Edward Chin Chi-kin, a hedge fund manager and one of the leading lights of the Occupy Central movement, plans to launch an independent newspaper that he says will not bow to political pressure.
He says he will adopt the crowdfunding model used by The Hankyoreh, a South Korean national newspaper.
Chin’s plan is to raise about HK$100 million (US$12.9 million) for the newspaper with investors contributing as little as HK$5,000 each. (If everyone will contribute just the minimum amount, he will need 20,000 investors to raise the fund he needs.)
A brief look at the history of The Hankyoreh may give us some idea as to how the crowdfunding model works in the media industry.
The newspaper was put up by dissident journalists who had been purged from their respective news organizations at a time when media was under the thumb of government censors.
It was launched on May 15, 1988, just a few months after the victory of Roh Tae-woo, a friend of military dictator Chun Doo-hwan, in the 1987 presidential election.
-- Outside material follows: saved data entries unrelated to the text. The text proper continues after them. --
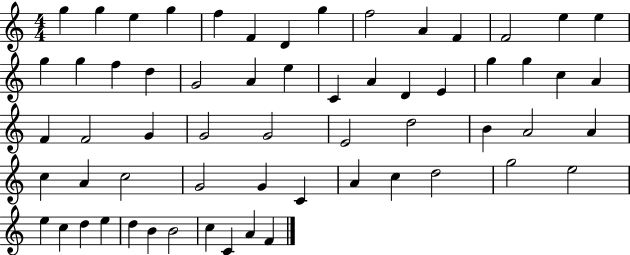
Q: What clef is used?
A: treble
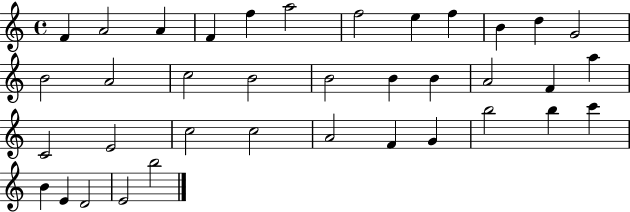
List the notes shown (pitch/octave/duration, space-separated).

F4/q A4/h A4/q F4/q F5/q A5/h F5/h E5/q F5/q B4/q D5/q G4/h B4/h A4/h C5/h B4/h B4/h B4/q B4/q A4/h F4/q A5/q C4/h E4/h C5/h C5/h A4/h F4/q G4/q B5/h B5/q C6/q B4/q E4/q D4/h E4/h B5/h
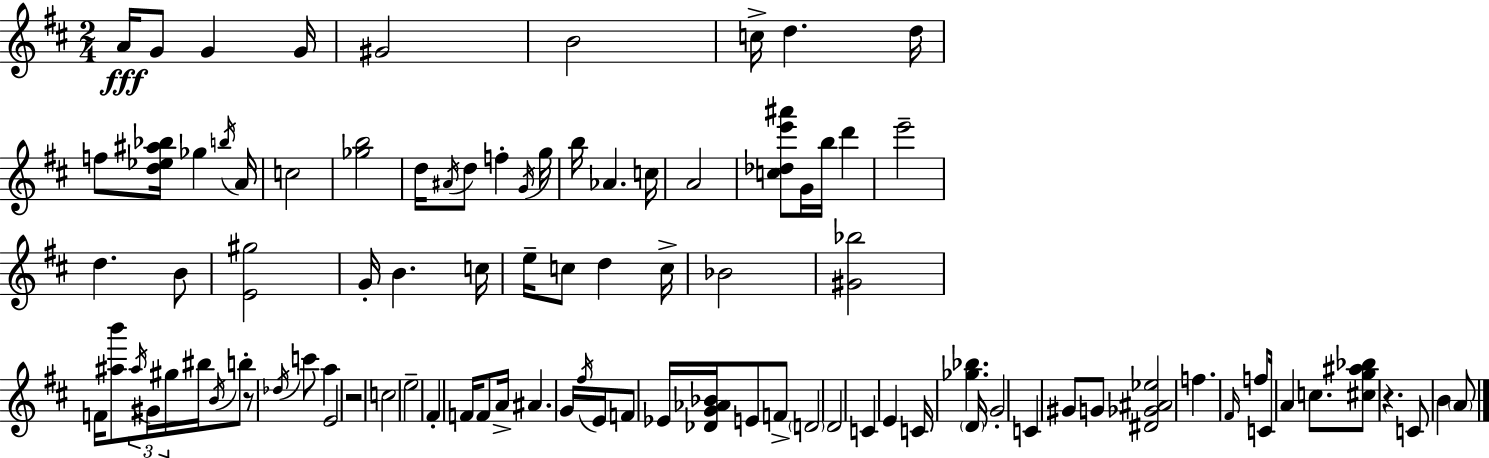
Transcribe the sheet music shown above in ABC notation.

X:1
T:Untitled
M:2/4
L:1/4
K:D
A/4 G/2 G G/4 ^G2 B2 c/4 d d/4 f/2 [d_e^a_b]/4 _g b/4 A/4 c2 [_gb]2 d/4 ^A/4 d/2 f G/4 g/4 b/4 _A c/4 A2 [c_de'^a']/2 G/4 b/4 d' e'2 d B/2 [E^g]2 G/4 B c/4 e/4 c/2 d c/4 _B2 [^G_b]2 F/4 [^ab']/2 ^a/4 ^G/4 ^g/4 ^b/4 B/4 b/2 z/2 _d/4 c'/2 a E2 z2 c2 e2 ^F F/4 F/2 A/4 ^A G/4 ^f/4 E/4 F/2 _E/4 [_DG_A_B]/4 E/2 F/2 D2 D2 C E C/4 [_g_b] D/4 G2 C ^G/2 G/2 [^D_G^A_e]2 f ^F/4 f/2 C/4 A c/2 [^cg^a_b]/2 z C/2 B A/2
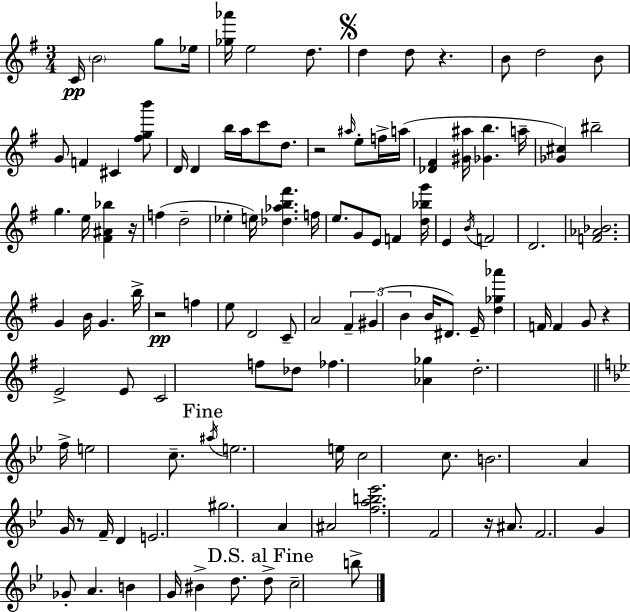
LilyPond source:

{
  \clef treble
  \numericTimeSignature
  \time 3/4
  \key g \major
  \repeat volta 2 { c'16\pp \parenthesize b'2 g''8 ees''16 | <ges'' aes'''>16 e''2 d''8. | \mark \markup { \musicglyph "scripts.segno" } d''4 d''8 r4. | b'8 d''2 b'8 | \break g'8 f'4 cis'4 <fis'' g'' b'''>8 | d'16 d'4 b''16 a''16 c'''8 d''8. | r2 \grace { ais''16 } e''8-. f''16-> | a''16( <des' fis'>4 <gis' ais''>16 <ges' b''>4. | \break a''16-- <ges' cis''>4) bis''2-- | g''4. e''16 <fis' ais' bes''>4 | r16 f''4( d''2-- | ees''4-. e''16) <des'' aes'' b'' fis'''>4. | \break f''16 e''8. g'8 e'8 f'4 | <d'' bes'' g'''>16 e'4 \acciaccatura { b'16 } f'2 | d'2. | <f' aes' bes'>2. | \break g'4 b'16 g'4. | b''16-> r2\pp f''4 | e''8 d'2 | c'8-- a'2 \tuplet 3/2 { fis'4-- | \break gis'4( b'4 } b'16 dis'8.) | e'16-- <d'' ges'' aes'''>4 f'16 f'4 | g'8 r4 e'2-> | e'8 c'2 | \break f''8 des''8 fes''4. <aes' ges''>4 | d''2.-. | \bar "||" \break \key bes \major f''16-> e''2 c''8.-- | \mark "Fine" \acciaccatura { ais''16 } e''2. | e''16 c''2 c''8. | b'2. | \break a'4 g'16 r8 f'16-- d'4 | e'2. | gis''2. | a'4 ais'2 | \break <f'' a'' b'' ees'''>2. | f'2 r16 ais'8. | f'2. | g'4 ges'8-. a'4. | \break b'4 g'16 bis'4-> d''8. | \mark "D.S. al Fine" d''8-> c''2-- b''8-> | } \bar "|."
}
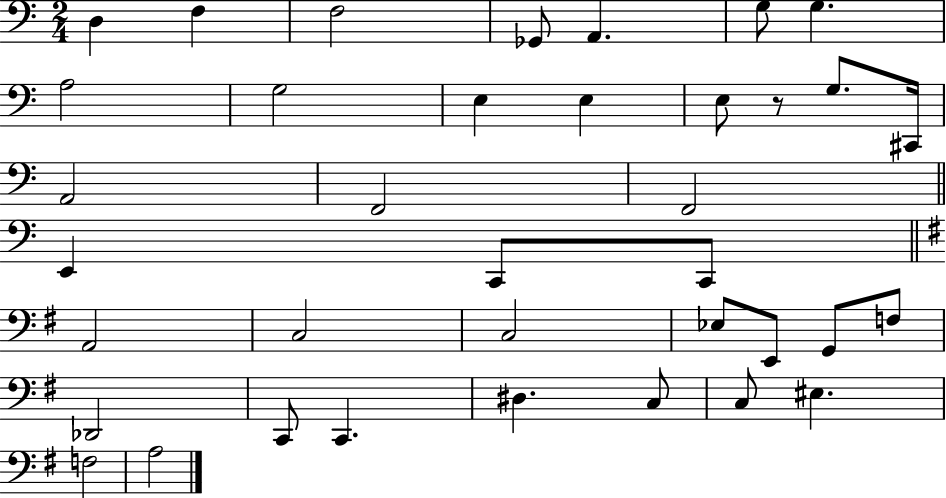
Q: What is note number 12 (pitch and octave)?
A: E3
The Hankyoreh was “a symbol of a more democratic future for South Korean citizens” as it gave hope to the pro-democracy forces, according to the newspaper’s former editor-in-chief Sung Yu-bo.
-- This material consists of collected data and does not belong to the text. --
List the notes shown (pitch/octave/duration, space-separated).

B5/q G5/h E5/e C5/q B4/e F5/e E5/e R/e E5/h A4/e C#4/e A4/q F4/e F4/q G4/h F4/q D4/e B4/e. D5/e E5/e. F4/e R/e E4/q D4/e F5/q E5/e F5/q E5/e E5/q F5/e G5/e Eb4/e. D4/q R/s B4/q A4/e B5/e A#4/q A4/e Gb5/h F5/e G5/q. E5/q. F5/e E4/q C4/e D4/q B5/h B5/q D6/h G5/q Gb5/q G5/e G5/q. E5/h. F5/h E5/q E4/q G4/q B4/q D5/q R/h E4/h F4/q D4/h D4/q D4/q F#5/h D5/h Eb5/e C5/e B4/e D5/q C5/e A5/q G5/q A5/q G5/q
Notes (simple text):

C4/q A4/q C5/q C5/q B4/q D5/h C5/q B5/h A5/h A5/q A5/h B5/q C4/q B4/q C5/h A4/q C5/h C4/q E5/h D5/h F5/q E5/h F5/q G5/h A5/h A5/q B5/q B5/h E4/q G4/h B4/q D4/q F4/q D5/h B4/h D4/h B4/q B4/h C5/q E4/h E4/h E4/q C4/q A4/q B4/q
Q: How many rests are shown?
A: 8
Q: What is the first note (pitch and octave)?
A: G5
Being an opposition paper, it had a hard time wooing advertisers.
In September 1988, the newspaper’s board approved a capital increase of 7 billion won (US$6.83 million) and started to raise fund publicly. It raised one billion won in the first month, 800 million won in November, and 600 million won the following month.
In January 1989, the company set up a special committee and developed three strategies to raise a development fund.
First, it appealed directly to the public. In one of its advertisements, the paper said: “The Hankyoreh Newspaper is here for the Korean public, with 430,000 subscribers and 50,000 stockholders! Invest now. Small contributions make a big difference at The Hankyoreh.”
Second, it conducted investment seminars for potential investors.
Third, it granted commission to employees who could bring in investors.
“The commission received by the first batch of employees who were able to get investors encouraged other employees to look for more investors, and so the fundraising effort took off instantly throughout the company,” Sung said.
All the three strategies enabled the newspaper to raise its working capital to 16.9 billion won as of January 1990, he said.
The crowdfunding strategy worked in two ways: it was able to raise funds for its continued operation while bolstering its image as national newspaper, with thousands of small investors having a stake in its survival and prosperity.
With the funding, the paper was able to further increase its readership, deploy correspondents to Washington and Tokyo, acquire its own land and build a new office, and upgrade its printing facilities.
The question is, will the crowdfunding model work in Hong Kong? Will there be enough readers to support such a paper? Will there be enough investors to raise the funds to keep it going? And will it be able to cope with the intense competition in the business?